We have a new manager and so far he has done quite well. Three games, three competitions, two wins, one proud defeat. The players seem to like him, he has fresh ideas, he cuts a dash with his stubble and open-necked shirt and has had inarticulate pundits making wild assumptions about his ability and language skills while panicking in general about foreigners. So this week, we’ve had a look back at managerial debuts in our recent past and, in replicating the situation regarding Silva’s appointment, stuck to ones that happened while a season was ongoing, as summer appointments tend to give new gaffers daft luxuries like time to plan and get to know the club and the squad. Not that it did Phil Parkinson much good, mind…

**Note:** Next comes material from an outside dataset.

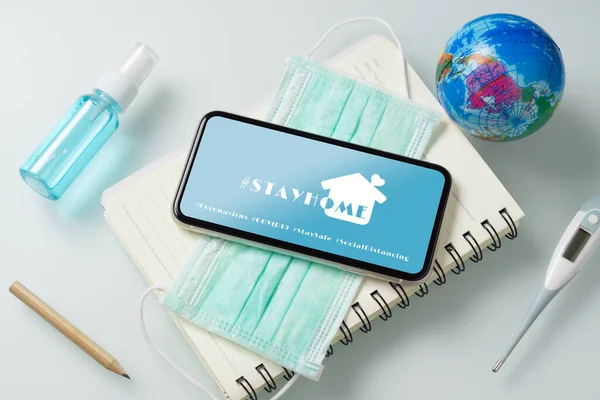 Evde hashtag, pandemik koronavirüs önleme kampanyası konsepti. Maskeli bir model cep telefonu ve ofis masasında Alkol Mini El dezenfektanı..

Phil Brown’s dismissal in March 2010 was correct although ill-timed, and beyond the surprise expressed by the national press was a further confusion about what would happen about a successor. Brown had effectively ceased to work for City, but as negotiations began over the terms of his departure, he was placed on gardening leave until the end of the campaign. This meant only someone prepared to a) work until the end of the season; and b) adopt a title that was neither manager nor head coach, was permitted to step into the role.
And that was Iain Dowie.
Adam Pearson had been a long-time admirer of the former Northern Ireland striker with the unorthodox bone structure, and in Dowie’s defence he had been a successful and convincing gaffer at both Oldham Athletic and Crystal Palace. He was a graduate, a man of intellect and also someone whose appreciation of his opportunities had been borne out of a late start to his professional career. But when he was unveiled at the Circle with the title Temporary Football Management Consultant, his credibility went out of the window. He may as well have been called ‘Last Resort’ or ‘Sitting Duck’.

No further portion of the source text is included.